In groups working to collaborate across difference, build community, or repair harm—especially in decentralized or justice-oriented spaces—trust may not exist at the outset. This is often because past experiences of betrayal, exclusion, or systemic violence have made trust dangerous or irrational for many participants.

Efforts to proceed without acknowledging these histories or addressing lived pain often fall short. Formal agreements, shared goals, or even good intentions are not enough to restore or build trust in the absence of demonstrated, embodied care.


When trust has been damaged or never existed:

  • People protect themselves by withholding engagement.

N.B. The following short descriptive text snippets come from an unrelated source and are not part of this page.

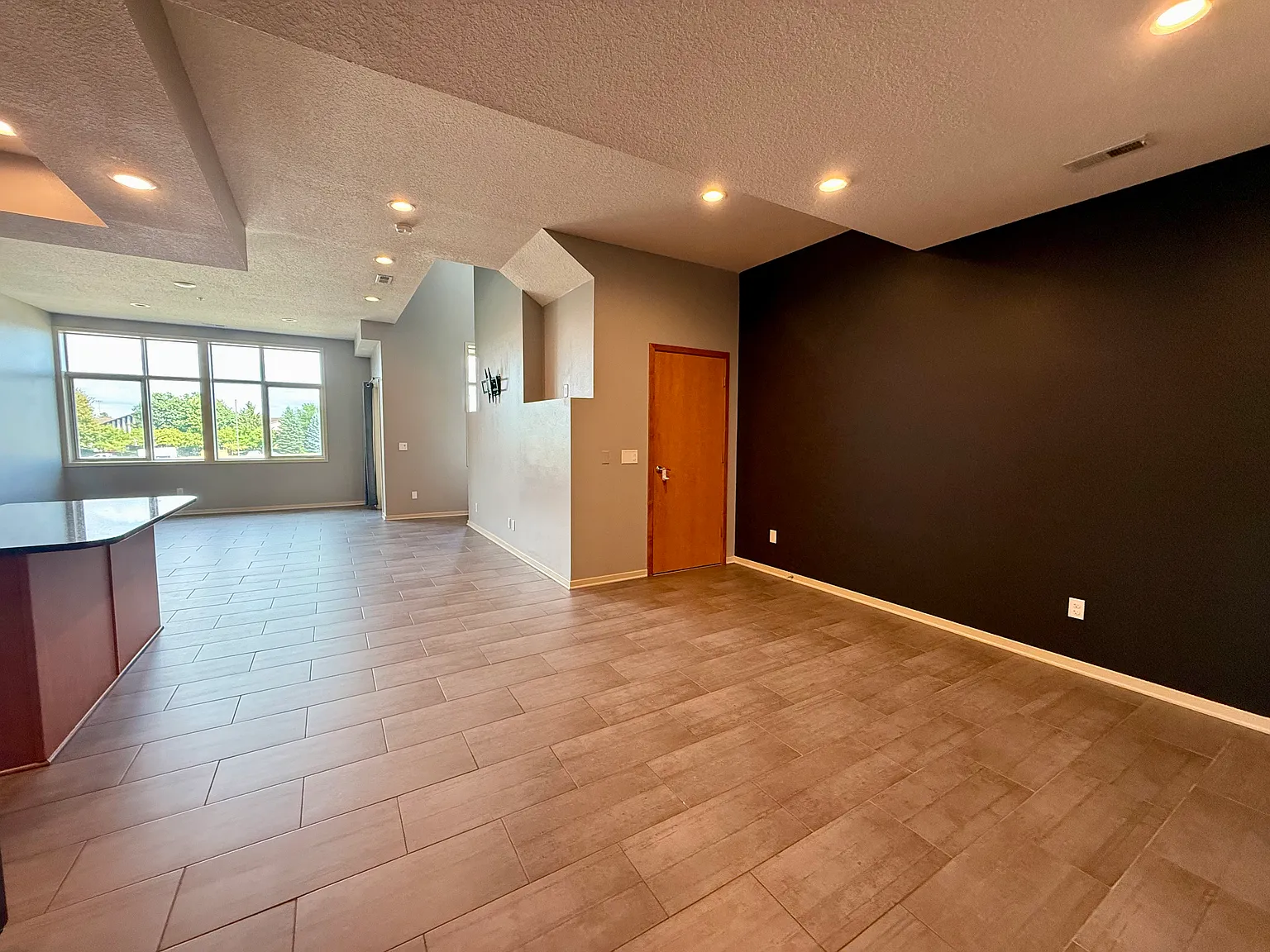 2 bed, 1810 sqft, $2,200 — Photo 4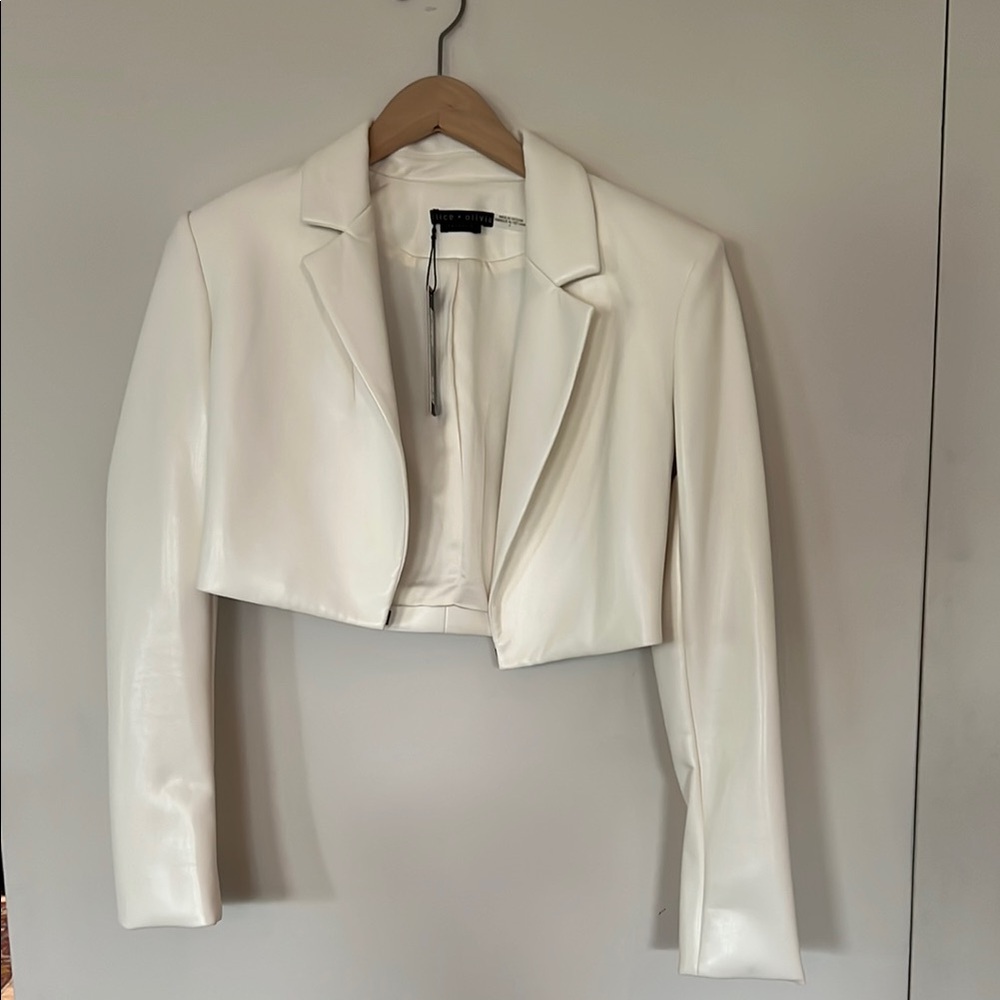 NWT Alice and Olivia Yardley Vegan Leather Women's White Cropped Jacket size 2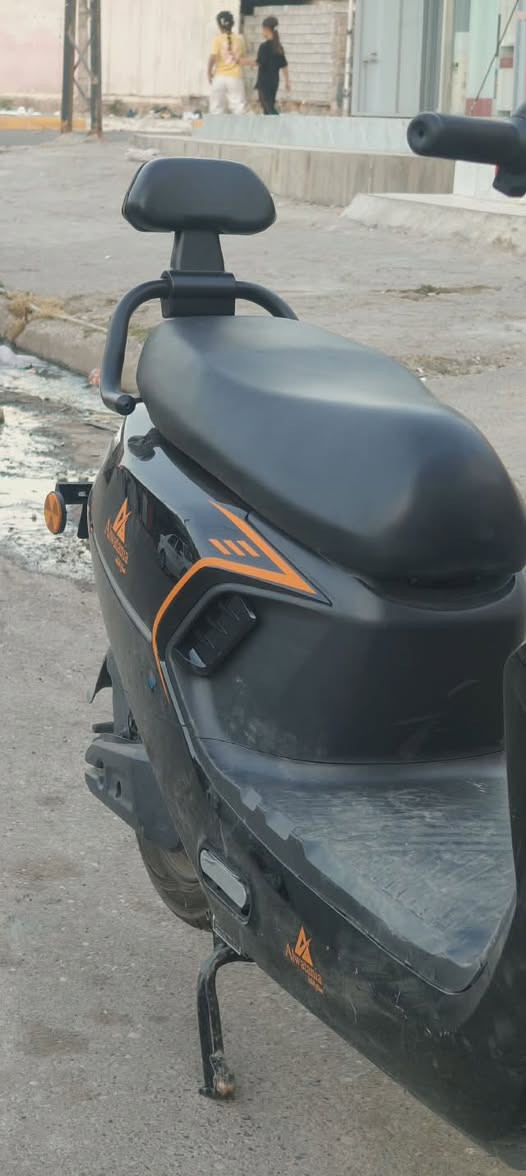 سلام عليكم ماطور شحن للبيع كلو شراط سعرو 600وبي مجال بصيط شراي اتصل ***********مكاني حي عدن
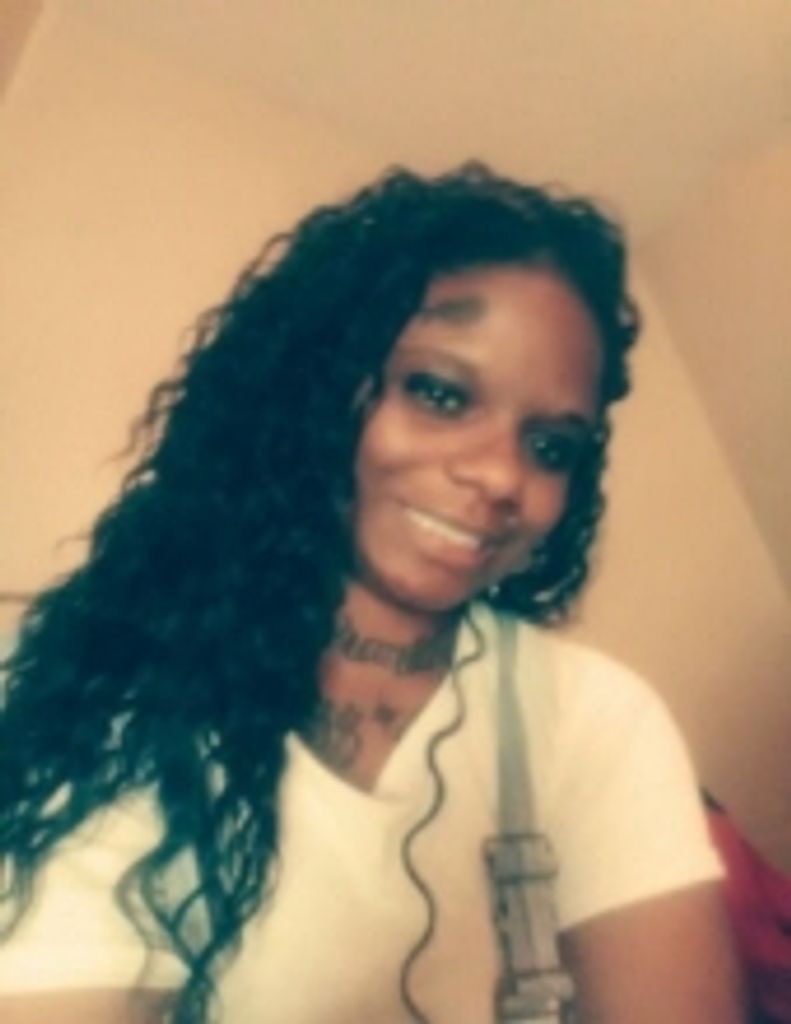 Leashia  Denai  Hughes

  • Relationships become transactional, marked by suspicion or silence.

  • Harms (past or present) are denied, minimized, or ignored.

  • Those who’ve been hurt are asked to “move on” without being heard.

  • Attempts at collaboration feel fragile, performative, or extractive.

Without care, the social fabric tears easily. Trust becomes performative, brittle, or nonexistent. The group loses its ability to act together meaningfully or sustainably.


  • People who have experienced harm may not feel safe opening up.

  • Power dynamics can make care feel conditional or strategic rather than sincere.

  • Those who have benefited from unjust systems may resist acknowledging harm or responsibility.

  • Repair work can be emotionally demanding and long-term—making short-term efficiency incompatible with justice.

  • People need space to engage at their own pace, without coercion.


Actively demonstrate care as a foundational precondition for trust—not as sentiment, but as behavior.

This includes:

  • Holding space for people to speak their truth—especially about harm or exclusion.

  • Listening without interruption or defensiveness.

  • Naming shared values and concerns that exist beyond the individual (e.g., care for land, community, justice).

  • Acknowledging historical and present harms—and taking action to repair them.

  • Respecting boundaries. Allowing people to say “no,” to step back, or to take time without penalty.

  • Showing up consistently—not to fix, but to be in sustained relationship.

Care isn’t softness. It’s the courage to attend, to hold others as fully human, and to stay with discomfort long enough for something new to become possible.


  • Trust grows not as an abstract principle, but as an outcome of care-based action.

  • Participants feel respected, heard, and valued, even if they still hold pain.

  • Dialogue deepens. Healing becomes thinkable.

  • Accountability is normalized, not avoided.

  • Relationships develop the resilience to navigate future challenges together.